(Source records)
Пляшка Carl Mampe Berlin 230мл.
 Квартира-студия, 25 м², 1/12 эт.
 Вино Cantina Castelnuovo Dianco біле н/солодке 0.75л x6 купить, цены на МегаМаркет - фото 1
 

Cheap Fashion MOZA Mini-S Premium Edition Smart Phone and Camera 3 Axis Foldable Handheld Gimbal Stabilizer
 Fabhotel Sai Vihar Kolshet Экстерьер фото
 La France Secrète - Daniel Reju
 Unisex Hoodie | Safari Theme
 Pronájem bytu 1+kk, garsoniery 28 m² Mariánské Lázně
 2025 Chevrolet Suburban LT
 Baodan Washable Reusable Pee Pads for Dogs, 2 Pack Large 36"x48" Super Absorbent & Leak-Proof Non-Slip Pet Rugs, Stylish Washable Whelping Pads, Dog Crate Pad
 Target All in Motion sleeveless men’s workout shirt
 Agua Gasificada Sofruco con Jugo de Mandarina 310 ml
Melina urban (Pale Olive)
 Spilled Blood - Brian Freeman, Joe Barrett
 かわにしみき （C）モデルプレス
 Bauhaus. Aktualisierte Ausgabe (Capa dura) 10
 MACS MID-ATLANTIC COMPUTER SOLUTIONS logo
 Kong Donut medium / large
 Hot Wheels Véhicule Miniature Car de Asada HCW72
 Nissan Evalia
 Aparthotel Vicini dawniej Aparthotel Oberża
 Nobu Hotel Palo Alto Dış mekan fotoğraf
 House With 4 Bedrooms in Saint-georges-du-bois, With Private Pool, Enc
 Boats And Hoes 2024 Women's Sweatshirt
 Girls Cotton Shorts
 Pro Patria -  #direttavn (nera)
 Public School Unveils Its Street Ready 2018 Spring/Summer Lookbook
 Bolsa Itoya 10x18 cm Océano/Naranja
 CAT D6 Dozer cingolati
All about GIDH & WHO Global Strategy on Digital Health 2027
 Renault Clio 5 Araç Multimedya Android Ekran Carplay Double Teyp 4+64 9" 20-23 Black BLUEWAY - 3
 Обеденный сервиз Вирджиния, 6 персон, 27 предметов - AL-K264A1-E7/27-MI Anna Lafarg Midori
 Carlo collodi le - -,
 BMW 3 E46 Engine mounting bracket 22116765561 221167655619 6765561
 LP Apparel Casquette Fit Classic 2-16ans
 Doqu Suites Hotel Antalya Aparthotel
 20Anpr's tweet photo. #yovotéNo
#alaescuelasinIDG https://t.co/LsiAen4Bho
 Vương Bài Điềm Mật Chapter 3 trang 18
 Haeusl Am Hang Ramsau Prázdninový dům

** Prompt **
Look back at the entries above. Retype the line with "Agua Gasificada Sofruco", the line with "Boats And Hoes 2024 Women's Sweatshirt", and all lines in between.

** Worked solution **
 Agua Gasificada Sofruco con Jugo de Mandarina 310 ml
Melina urban (Pale Olive)
 Spilled Blood - Brian Freeman, Joe Barrett
 かわにしみき （C）モデルプレス
 Bauhaus. Aktualisierte Ausgabe (Capa dura) 10
 MACS MID-ATLANTIC COMPUTER SOLUTIONS logo
 Kong Donut medium / large
 Hot Wheels Véhicule Miniature Car de Asada HCW72
 Nissan Evalia
 Aparthotel Vicini dawniej Aparthotel Oberża
 Nobu Hotel Palo Alto Dış mekan fotoğraf
 House With 4 Bedrooms in Saint-georges-du-bois, With Private Pool, Enc
 Boats And Hoes 2024 Women's Sweatshirt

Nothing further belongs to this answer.